Now you are ready to log into the DAW from the notebook computer.
- From the notebook, navigate to Accessories – Communications – Remote Desktop Connection
- Select the Options button. There is something here you will want to change.
- Under the “Local Resources” tab, change the “Remote Computer Sound” option to “Leave at remote computer”
- Under the “Experience” tab, change the Connection Speed setting to LAN
- Click the Connect button
- If necessary, log onto the DAW
- You are now running your DAW from the notebook. Enjoy!
A Soapbox Moment
For years I have extolled the virtues of DAW based recording. Well, here is a wonderful example of why.
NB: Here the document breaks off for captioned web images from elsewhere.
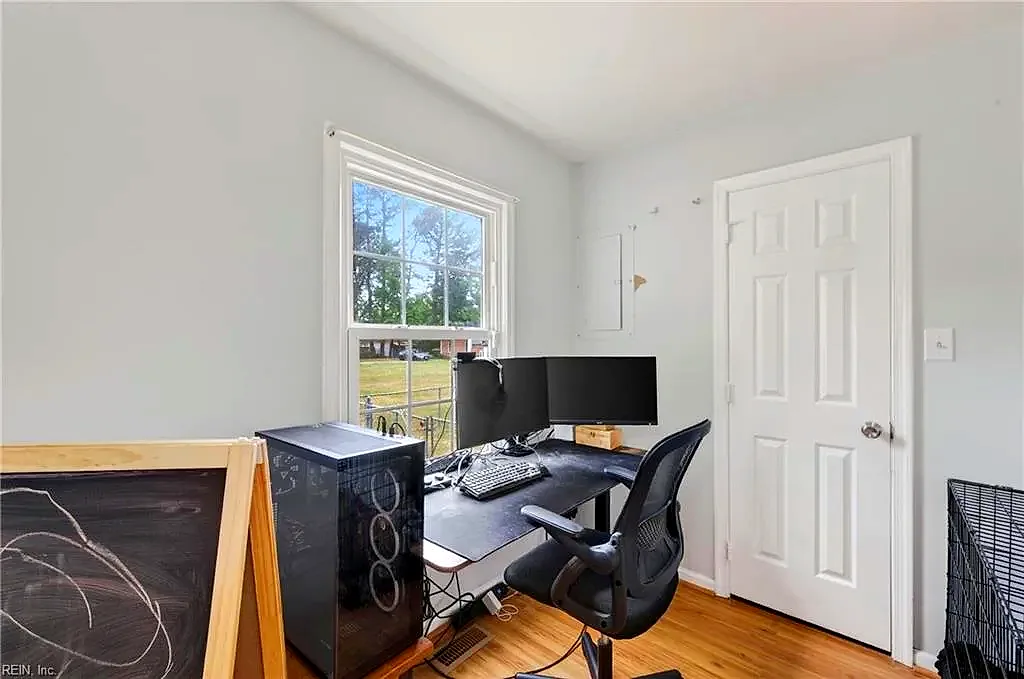 635 Harpersville RD, NEWPORTNEWS VA 23601 thumb 11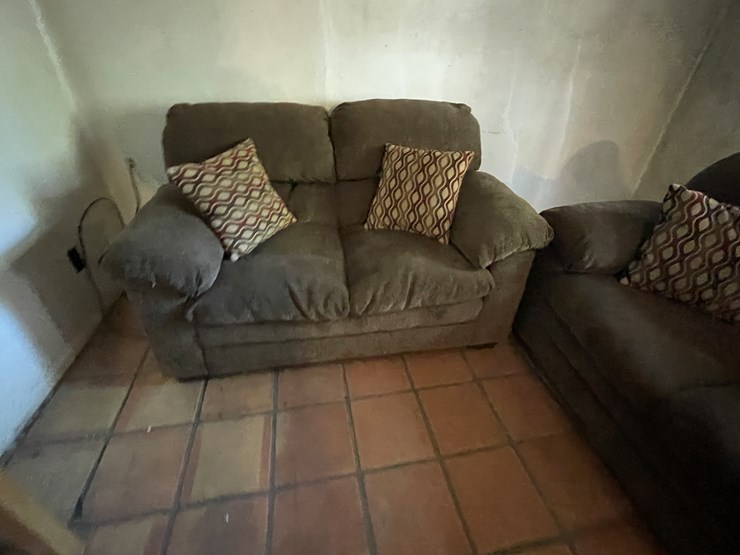 #3744-•-matching-couch-and-loveseat-image-3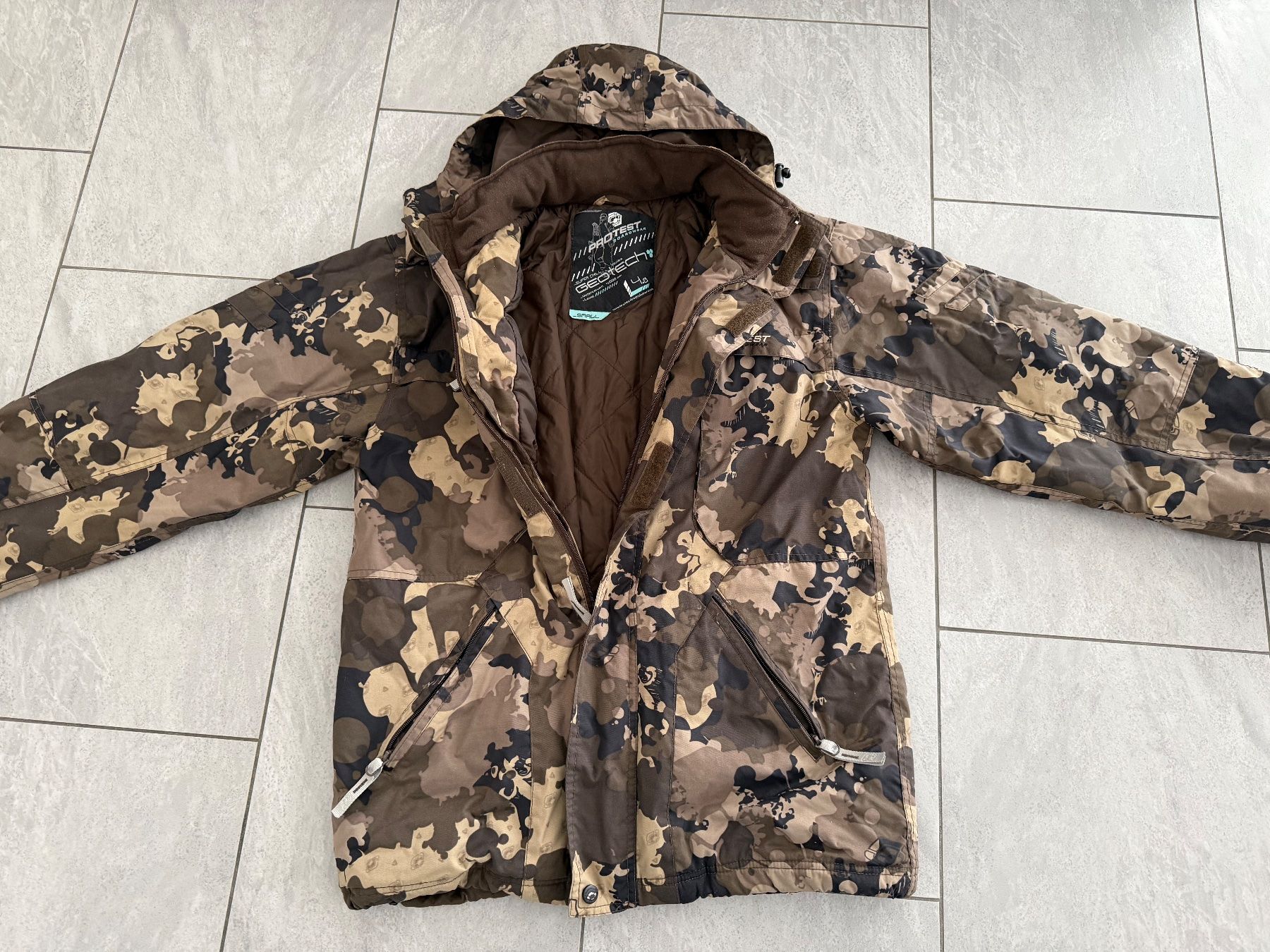 Protest Giacche: Jacke - Grösse Small - Protest - super Chill Serie – Nuovo (secondo la descrizione) da Bülach venduto da Loredana13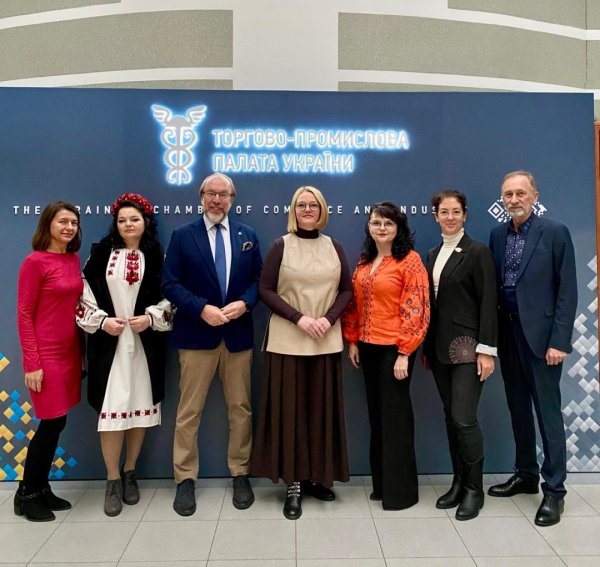 Україна за перше півріччя експортувала 40,6 тисячі тонн меду до ЄС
Thanks to the friendly folks at Microsoft, who built this kind of functionality in order to let techies troubleshoot end-user PCs and remotely configure servers located miles away in server farms, we have a capability which would likely never emerge in a dedicated standalone package. There are serious shortcomings to running a production DAW on a general-purpose OS like Windows: the hassle of messing with drivers, getting viruses, keeping the thing maintained. On that we can all agree. But there are benefits, too, often from the least likely of places. Being able to cheaply and easily remote-control your audio recorder is only one of many fine examples of “unintented benefits” we get from running our recorders on standard, generalized platforms like Windows.
If you need the ability to remotely control your recorder, grab yourself a $300 notebook and a couple of wireless-B (or G) interfaces, and do it… now! Thank me later!